火花散らす国家意思と個人の情念~映画「復讐者たち」


 戦争を始め、終わらせるのは国家の意思である。しかし、戦争によって家族や知人を失ったものたちは、こうした国家のタイムスケジュールに収まり切らない情念を抱え込む。
 高橋和巳の「散華」は元特攻の生き残りで電力会社に勤める男と、彼が用地買収交渉のため訪れた孤島の老人のダイアローグの物語である。老人は戦争を進める立場にいた。しかし、二人の間には戦場に行かせたものと行かされたもの、と割り切ってしまえない何かがあった―手元に原本がないので記憶頼りだが、こんな内容だったように思う。

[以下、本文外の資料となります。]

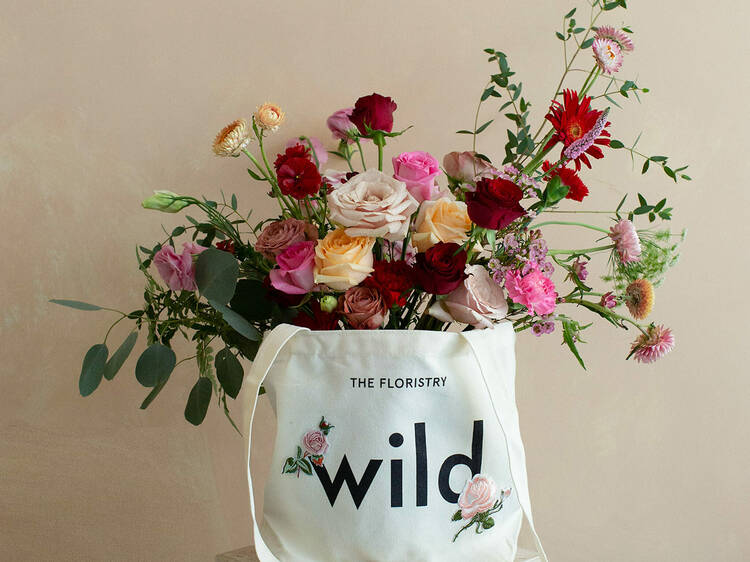The Floristry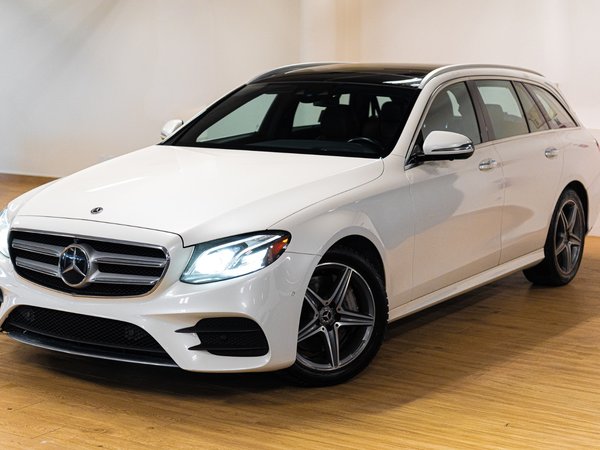 Mercedes-Benz E400 WAGON ** PLUS DE 12,000$ EN OPTIONS ** 2018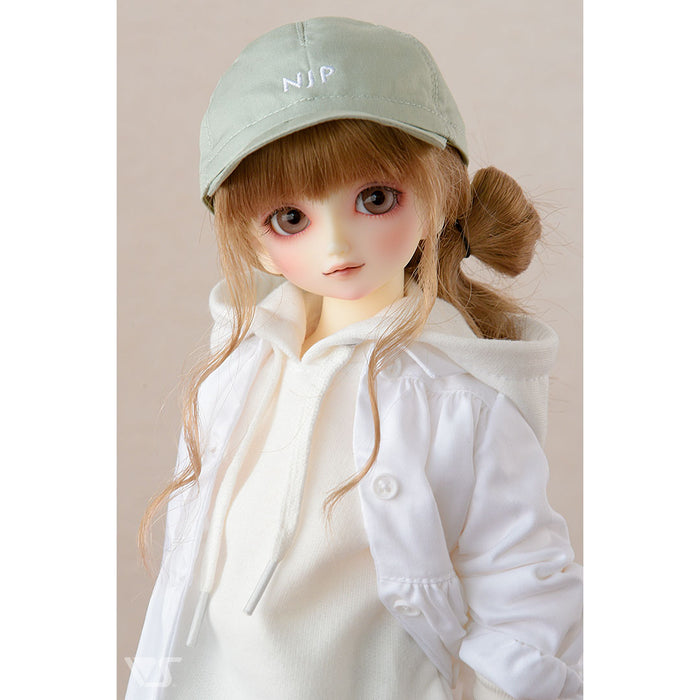 SDM Hoodie / Mini (White)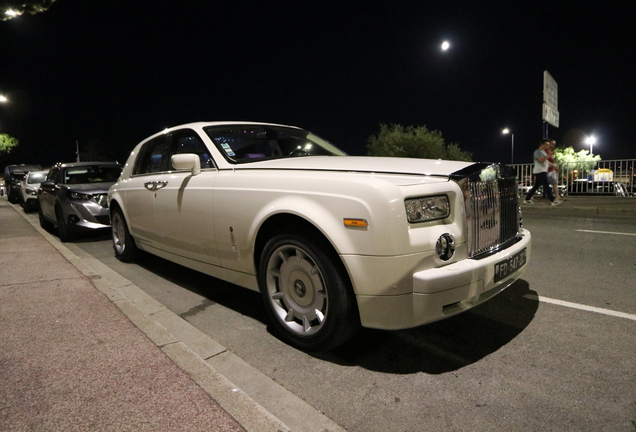 Rolls-Royce Phantom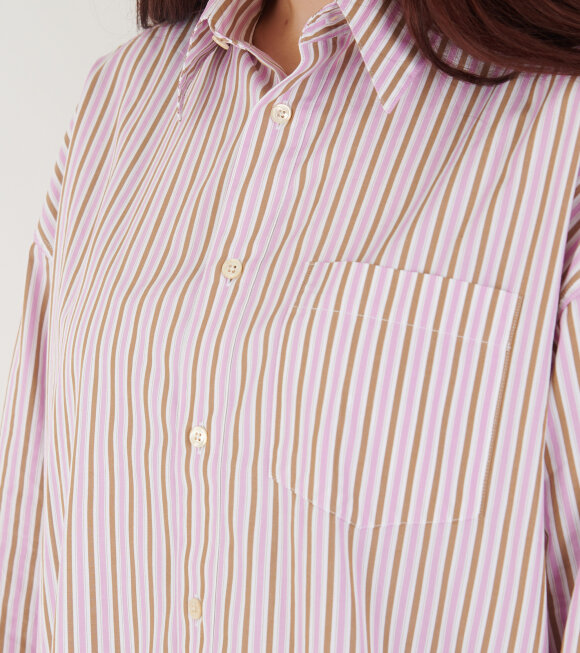 Sunflower - Stable Shirt Pink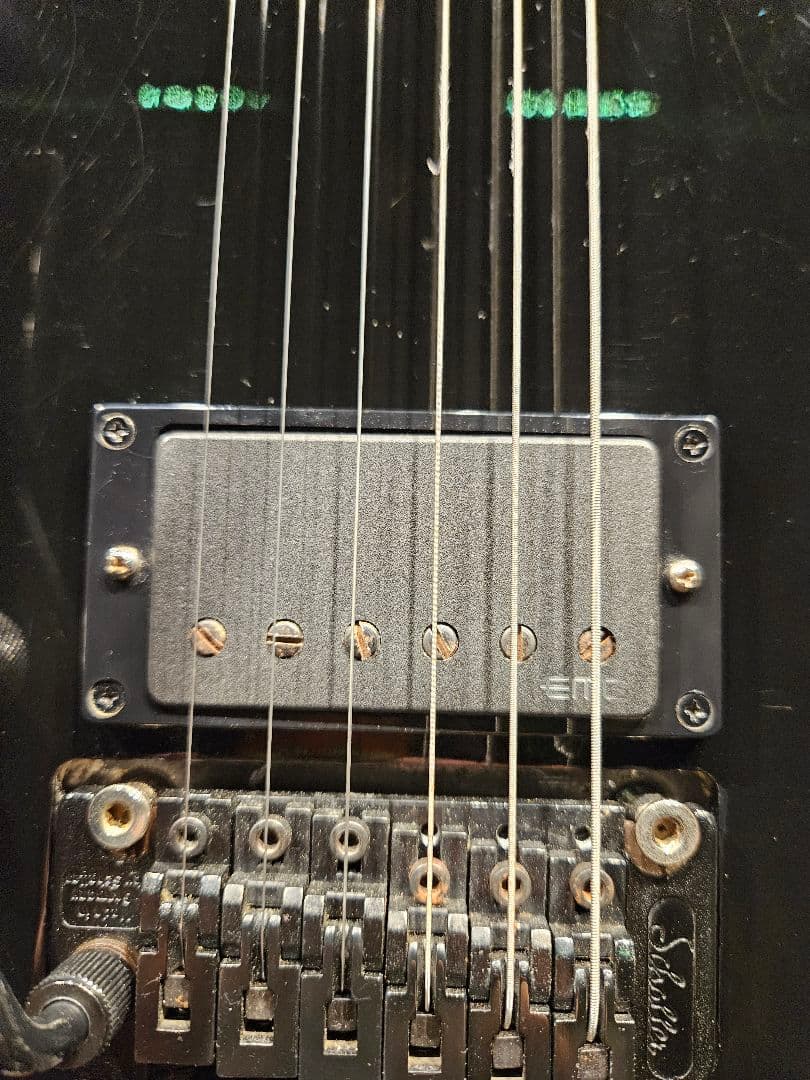 ESP LTD Alexi 200 Alexi Laiho レフティー　左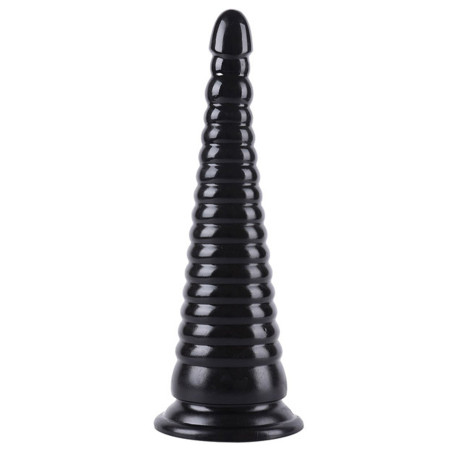 Extreme Buttplug Cone XXL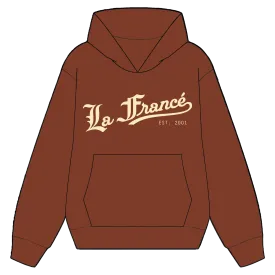 Est. 2001 Heavy Hoodie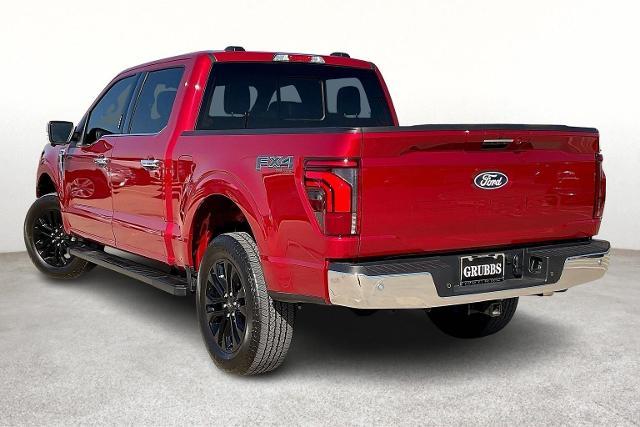 2024 Ford F-150 Vehicle Photo in San Antonio, TX 78230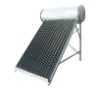 Widely Used Non-pressure Solar Water Heater 15 tubes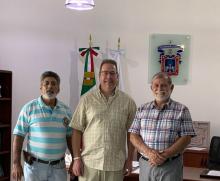 Intercambian resultados de investigación en el ámbito turístico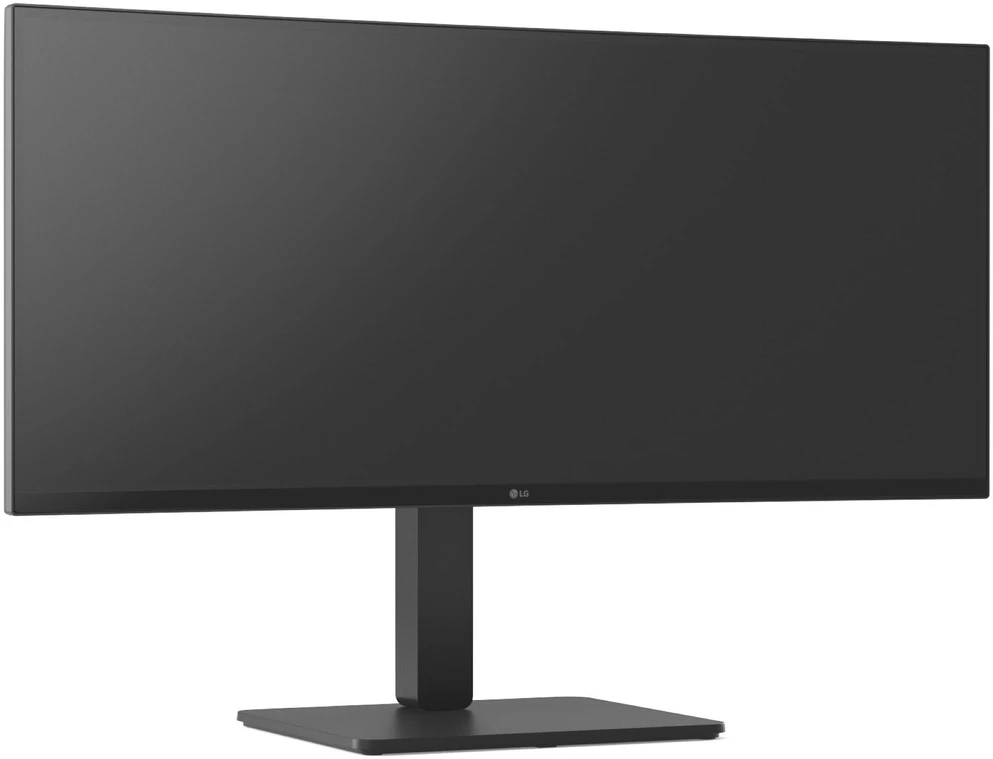 Monitorius LG | 34BA75QE-B | 34 " | IPS | 21:9 | 60 Hz | 5 ms | 3440 x 1440 pikselių | 300 cd/m² | HDMI jungtys quantity 2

 言いたいことは、戦争で深い傷を負った者も負わせた者も、引きずる情念は国家レベルでは到底すくいきれない、ということだ。ユダヤ人虐殺の「その後」を描いたイスラエル、ドイツ合作「復讐者たち」もそんな映画だ(イスラエル、ドイツ合作というところがすごい。「虐殺」の加害と被害の直接当事国である)。

 1945年、ベルリン。ユダヤ人のマックス(アウグスト・ディール)は、収容所で生き別れた妻子を捜していた。家族のことを密告したドイツ人を訪れ手掛かりを探るが、暴力的に追い払われてしまう。そうしているうち、偶然にも英国軍傘下のユダヤ人旅団ミハイル(マイケル・アローニ)に助けられる。旅団は密かに元ナチ将校たちを探し出し、拷問・処刑を行っていた。やがて妻子の死を知ったマックスも、絶望の淵の中で加わる。
 旅団のリストをもとに次々「処刑」をしていくうち、マックスは別のユダヤ人組織が存在することを知る。ナチ幹部だけでなく、ドイツ人を無差別に殺害しようとする「ナカム(ヘブライ語で「復讐」)」である。
 旅団はこうした動きに批判的だった。無差別殺害を実行すれば、ナチのユダヤ人虐殺と同じ水準になる。既にこのころ、ユダヤ人国家「イスラエル」建国の動きが始まっていた。こうした中、世界の世論を敵に回す行為はよくない、というものだった。
 そこでミハイルはナカム監視役となり、マックスを組織に送りこむ。マックスはアンナ(シルヴィア・フークス)らと対話するうち次第に共感する。
 組織では、戦争犯罪を裁くため連合国軍が集結していたニュールンベルグを舞台に、驚愕の「Aプラン」が進められていた。水道の水源地に毒を撒き、無差別に市民を殺害しようとするものだった。既に組織のトップが毒を入手するためパレスチナに飛んでいた。未曽有の復讐計画は成功するのか…。
 2020年、監督:ドロン・パズ、ヨアブ・パズ。国家の意思と個人の情念が火花を散らして歴史の歯車を回す。そんな情景が描かれている。